DeFi User Accidentally Pays $42k in Gas to Move Funds to Uniswap
In what will undoubtedly be the costliest Ethereum approval in February 2021, one user paid $42.2k in a single transaction to move funds from his USDC account to Uniswap V2 on Feb 23.
The Error
Coincidentally, this is when ETH prices toppled from their highs of around $1.8k, sinking to as low as $1.48k before recovering in the late New York session.
According to Etherscan data, the transaction was confirmed within 30 seconds at block height 11912570.
An analysis of the block and the transaction revealed that the user didn’t move any value to the receiving Uniswap V2 address.
At around that time, the average gas fees stood at roughly $38.
24 ETH Gone in 30 Seconds
The motivation of this transaction is unknown at the time of press.
However, what’s clear is that the user will likely lose his valuable 24 ETH considering the immutability of Ethereum transactions.
Additionally, the absence of recourse—or third-party intervention, won’t be possible since there are no middlemen.
On the other hand, beneficiaries will be network miners.
Already raking millions from transaction fees currently at over $31, a new record as Ethereum fails to scale in response to the influx of new traders, the lucky miner hit a gold mine.
A “Fat Finger”?
Speculation is rife that the user fell victim to a fat finger incident, a costly typo costing millions of dollars among Ethereum and blockchain users.
Since Ethereum users are in charge of fixing the amount and optimal Gas fees, the sender might have got mixed up and incorrectly approved the transaction.

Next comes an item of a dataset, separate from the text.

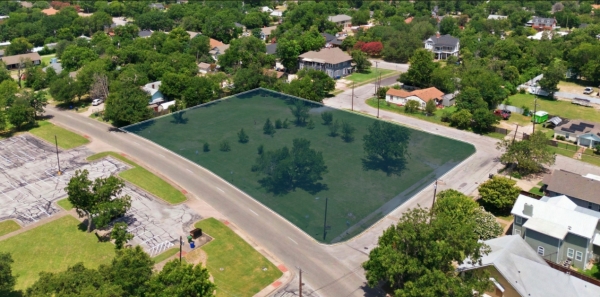 Listing Image #1 - Land for sale at 1104 N 18th A St, Waco TX 76707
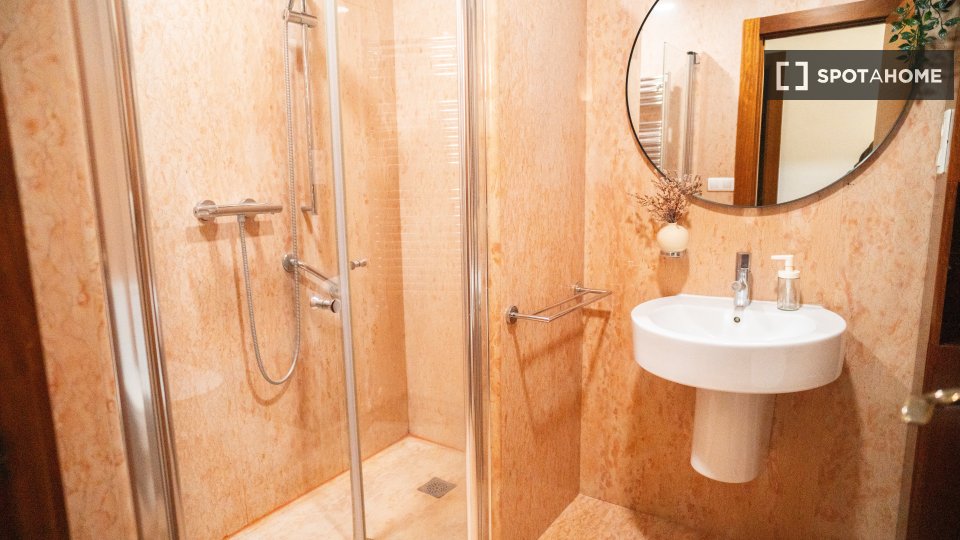 Double room Murcia, 6 beds, 190m² — photo 5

It is most likely that he accidentally set his Gwei to half a million.
On another lens, some may interpret this expensive transaction as a convoluted scam involving mining pools. In such a case, the $42k could be laundered and the mining pool used as a facilitating agent. It’s possible because miners secure the network, receiving transaction fees and block rewards as compensation.
Ethereum Gas fees are through the roof, and this is heaping unnecessary pressure on DeFi traders, forcing mistakes.
As BTCManager reported, EIP-1559—one of the mitigating solutions aimed at lowering fees, is already in review. Meanwhile, intensive DeFi dApps plan on migrating to Layer-2.